Bij een instelling in Groningen werden verzwakte patiënten enkele weken voor de bevrijding opeens op transport gezet naar Harlingen. "Bij dat transport zijn ook veel mensen omgekomen."

In Den Dolder ging iedere week een grote kar met dode mensen naar de begraafplaats.

Armand Höppener

Na de bevrijding bezochten Canadese artsen ons land. "Ze vonden de meest uitgehongerde mensen in een psychiatrisch ziekenhuis. Ze waren er even erg aan toe als in de concentratiekampen."

Harde cijfers zijn er niet, maar er zijn wel schattingen, weet Höppener. Waarschijnlijk zijn er zo'n 7000 mensen omgekomen in de instellingen. Vaak zijn ze anoniem begraven. "Je moet je voorstellen dat bijvoorbeeld in Den Dolder iedere week een grote kar met dode mensen naar de begraafplaats ging. Daar werden ze in een collectief graf gestort."

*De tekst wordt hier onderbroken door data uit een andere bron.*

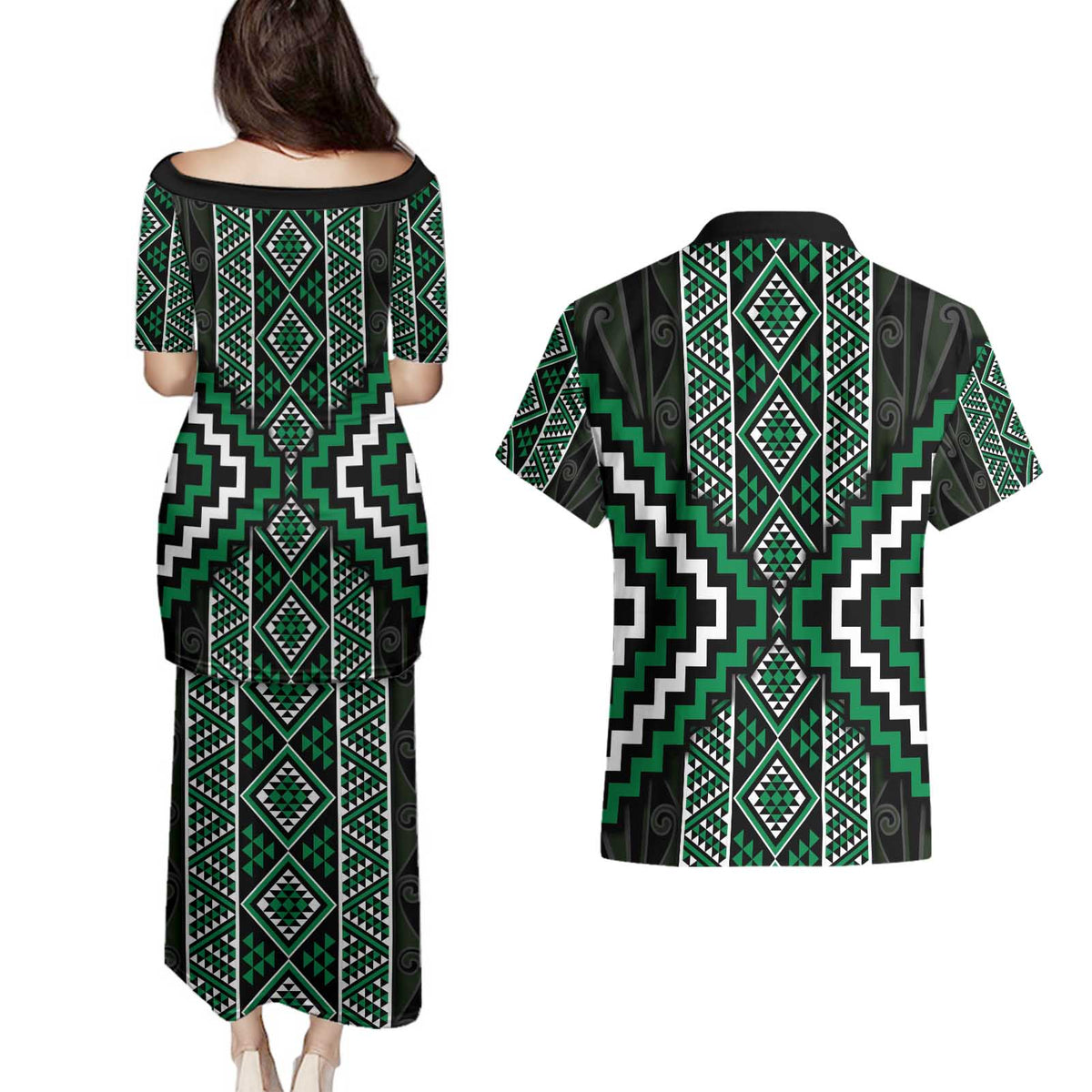 Jade Tukutuku Pattern Aotearoa Couples Matching Puletasi and Hawaiian Shirt Niho Taniwha and Puhoro Motifs LT7 - Polynesian Pride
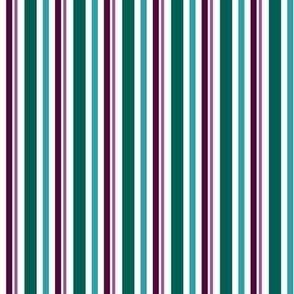 Vertical Candy Stripes, Green, Aqua, Red, and Purple on White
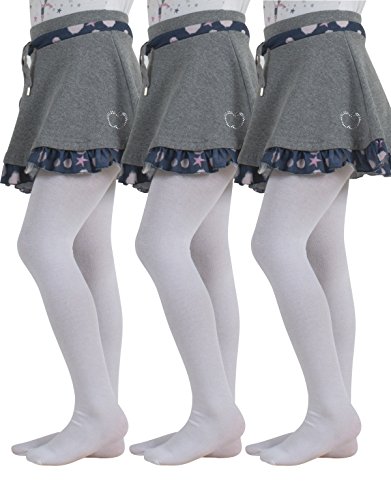 3 PARES DELEOTARDOS PARA NIÑAS | MEDIAS DE ALGODÓN | 70 DEN | NEGRO, BLANCO, ROSA, AZUL, GRIS | 4/6, 8/10, 12/14 AÑOS | CALCETERÍA ITALIANA | (12/14 Años, 3 Pares - Blancos)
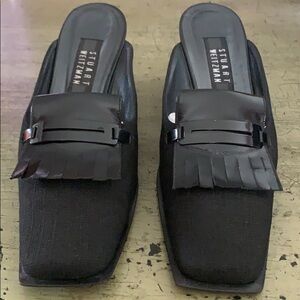 Stuart WEITZMAN Fringed Mules - Black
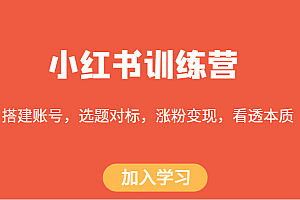 小红书训练营,搭建账号,选题对标,涨粉变现,看透本质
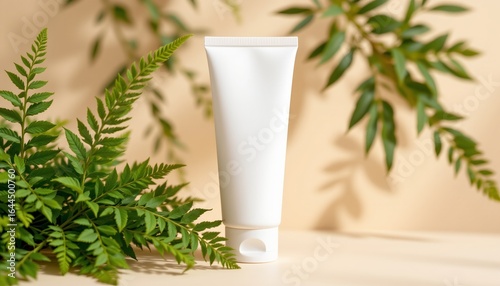 unlabeled hand cream tube mockup with fern, daylight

Of er opzet in het spel was? "Ik weet niet of het een bewuste tactiek was. De machthebbers vonden dat ze minder hoefden te investeren in mensen die niet werken. Ze kregen minder calorieën dan patiënten in algemene ziekenhuizen, vanuit de gedachte dat ze toch minderwaardig waren. Dat is vreselijk."

De voorzitter van Vergeten Slachtoffers hoopt dat het NIOD-onderzoek in beeld zal brengen wat er met de patiënten is gebeurd. "We weten precies hoeveel Joodse slachtoffers er in psychiatrische instellingen zijn gevallen, die zijn met naam bekend. Terecht ook dat daar goed onderzoek naar gedaan is, maar over de anderen weten we veel minder."

"Het is eigenlijk wegkijken geweest tot op de dag van vandaag. We willen eerherstel voor die mensen die overleden zijn, vaak anoniem. Familieleden hebben het recht om te weten wat er met hun dierbaren is gebeurd."

Geld nodig

Er is bijna 500.000 euro voor het onderzoek, beschikbaar gesteld door de regering en verschillende instellingen, maar eigenlijk is er meer nodig.

De stichting heeft een beroep gedaan op verschillende fondsen maar er kwam er niet één over de brug, tot teleurstelling van Höppener. "Het is voor mij onbegrijpelijk dat we van niemand ook maar 1 cent gekregen hebben. Daar hebben ze allemaal rationele argumenten voor, maar waar is het hart gebleven?"